Glimpses of Features in the Works
All of this said, sometimes we do get a glimpse of something in the Amazon pipeline, something that is not quite ready for primetime (or Prime) but slips out just long enough for some hardcore Amazon watchers to catch it. This happened in August in the form of a promo gone awry with the Echo Dot (whoops!) and it cost Amazon. Recently it happened in a more-deliberate manner as some sellers saw a beta option for extending their auto-targeting campaigns to the Amazon ad network.
Yes, Extend to Amazon Ad Network (Whatever That May Be)
Because this was a limited beta release with no announcement or documentation, there are more questions than answers: How many sellers received the option? How long will the beta run? When can we expect a full rollout? What are the guidelines, limitations, and settings options? What exactly comprises the Amazon ad network? While I hope we’ll get clarification soon, I think that what’s more important than what we know here is what we might try to imagine.
It’s long been said that the online advertising duopoly of Google and Facebook would be disrupted by Amazon. Exactly how and when no one knows. The “Amazon ad network” seems like a step in that direction, albeit one that is limited to sellers and products purchased via Amazon (in this case with the Seller Central beta). I think that the bigger Amazon-as-an-ad-platform is far more wide-reaching and that Amazon has a lot of catching up to do to rival Google. However, it might not be catching up so much as reinvention and leverage. After all, ads are about selling things and Amazon has more data about that and in more granular detail than seems fully fathomable. So when they go full in on advertising as a rival to Google and Facebook, I think it’s going to be very big and very different from existing ad models.
Intra-Amazon Ad Opportunities
Back to the beta. Here I want you, as an Amazon seller, to take what I’ve written about how much data Amazon has—and not just aggregate data but individual data that is ridiculously granular and personalized—and I want you to think about how good Amazon already is at utilizing that data on its own site. Targeting in terms of companion products and also-viewed and might-likes and add-ons is highly specific and accurate and lucrative.
Now I want you to apply that specificity and accuracy and revenue potential beyond the website that is Amazon.com. I want you to think about what the “Amazon ad network” might comprise. Let’s start close to home with Amazon’s own extended products and services. Imagine your relevant product ad alongside a definition looked up by a user who clicked a reference link while reading a Kindle eBook. Imagine your product positioned in an Amazon original series or suggested first as an Alexa answer to a user’s question. That’s powerful stuff, the kind of stuff that could make a brand.

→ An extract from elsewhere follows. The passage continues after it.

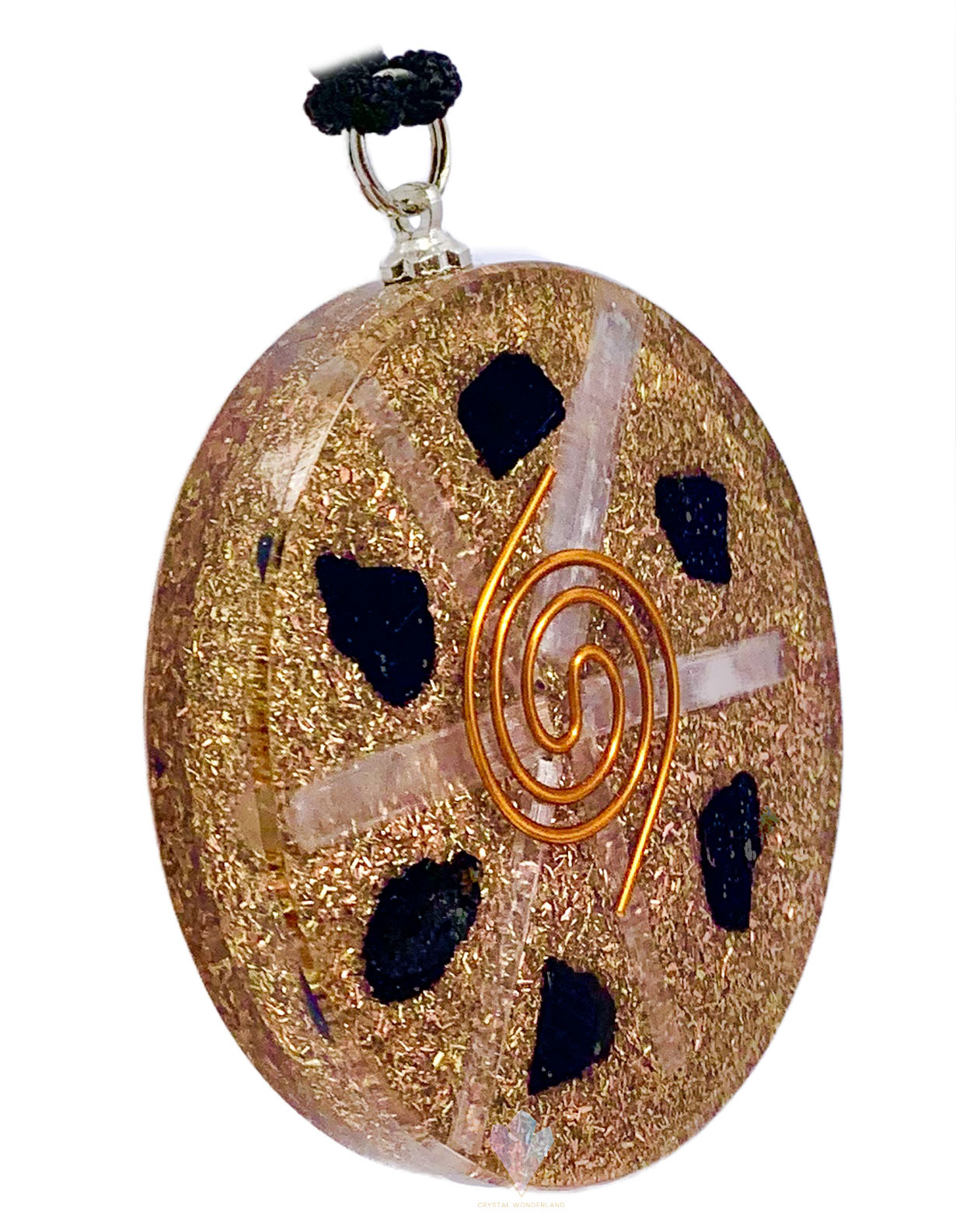 Black Tourmaline Selenite Grid Orgonite Copper Coil Pendant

Extra-Amazon Ad Opportunities
Step outside of Amazon’s directly branded world and think about the other companies in the Amazon family and imagine ads and cross-marketing in and with those. Sure, we all know that Amazon just acquired Whole Foods. That seems a likely possibility for the extended ad network. If I were a purveyor of natural products or health foods, I’d seriously consider any opportunity that got my products visible to Whole Foods shoppers either online or in-store.
Now go beyond that and let’s look at Amazon’s holdings and imagine the advertising possibilities when (when not if) ads jump the Amazon.com fence into the larger network. I’m not going to delve into the full list of Amazon acquisitions and investments (let alone Bezos holdings). It’s massive (and a little frightening in its breadth and depth), it contains many companies that most of us won’t recognize, and it is frequently changing as Amazon buys and sells holdings small and large and consolidates brands, products, and websites and identities (Think Quidsi.com, which was the parent site for Diapers.com, Wag.com, Soap.com, BeautyBar.com, and more where the focus was on domestic needs and getting deliveries of these home staples quickly. Amazon couldn’t make Quidsi work so now Quidsi.com and all of those subsites that were rolled into it now redirect to Amazon pages.)
As I wrote, the list of Amazon holdings is massive and tricky. Inc.com does a very nice job taking on the task of examining Amazon’s holdings and author Zoë Henry provides the helpful step of breaking out these holdings by industry. For our purposes—understanding the scope and implications of what might be part of “the Amazon ad network” to which sellers may broadcast their ads—I’ll base my take on Henry’s structure and give some examples that I think are important and may resonate with readers of this post. Again I ask that as you read the information below, you think about advertising reach and just how much Amazon touches . . . and then you imagine more and beyond.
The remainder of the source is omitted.